┌─ RECORDS TO USE

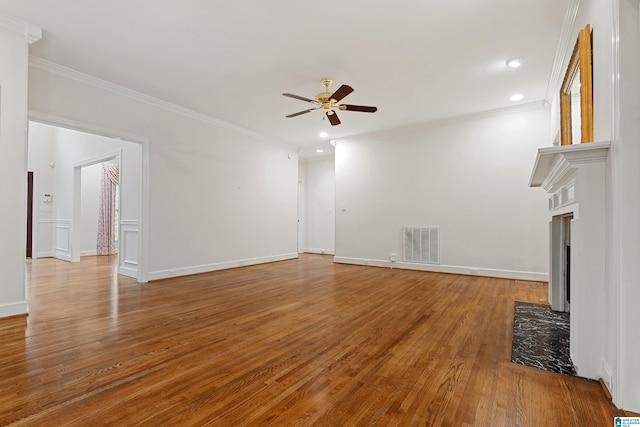 unfurnished living room with ceiling fan, wood-type flooring, and crown molding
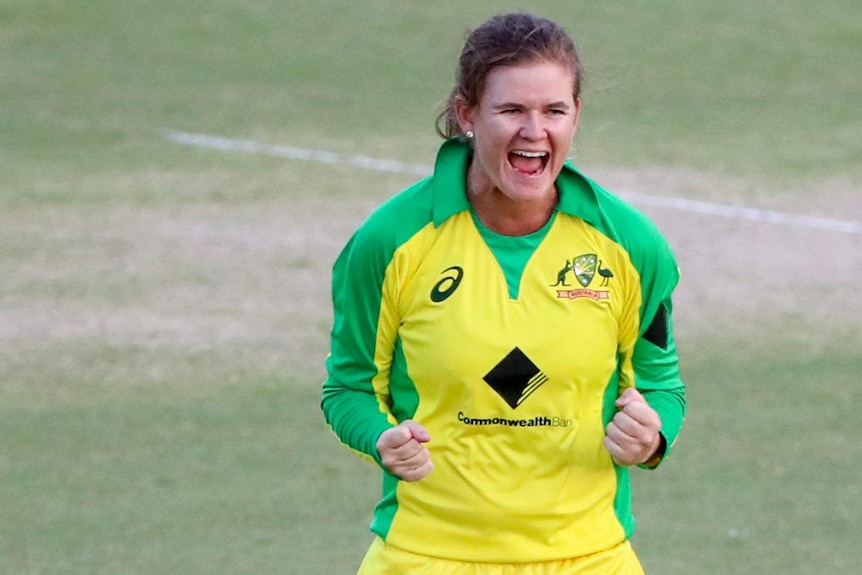 Jess Jonassen smiles and celebrates by clenching her hands wearing a yellow cricket kit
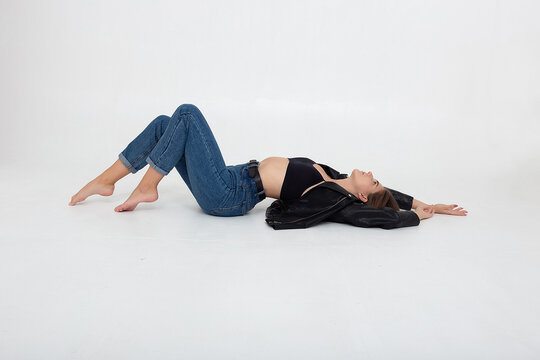 portrait of young caucasian attractive woman with long brown hair in blue jeans and black leather jacket on white background. skinny pretty lady lying on floor at studio with bare feet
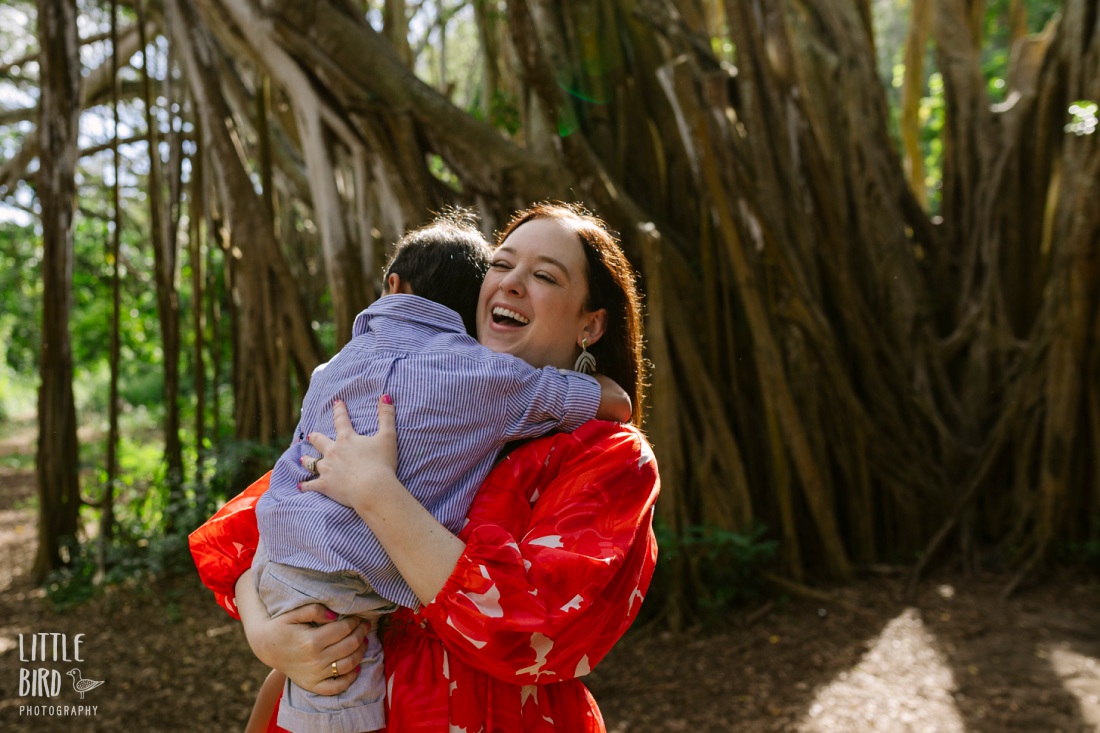 mom laughing while hugging son during a fun family photo session in hawaii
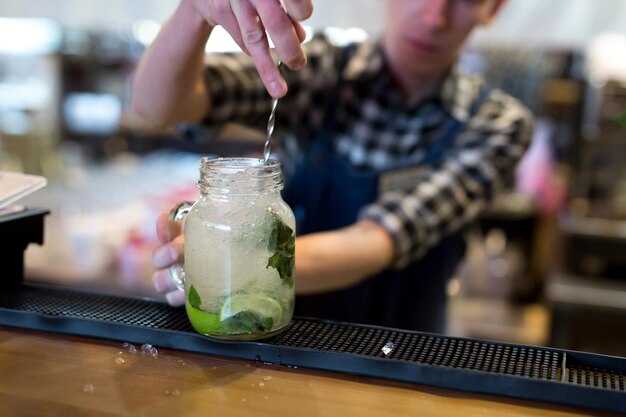 Le barman pile de la glace pour un cocktail Mojito au bar.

└─

EXERCISE GOAL
Copy word for word each line of the data above, from the first through the one containing "Jess Jonassen smiles", and include no pictures.

TASK ANSWER
 unfurnished living room with ceiling fan, wood-type flooring, and crown molding
 Jess Jonassen smiles and celebrates by clenching her hands wearing a yellow cricket kit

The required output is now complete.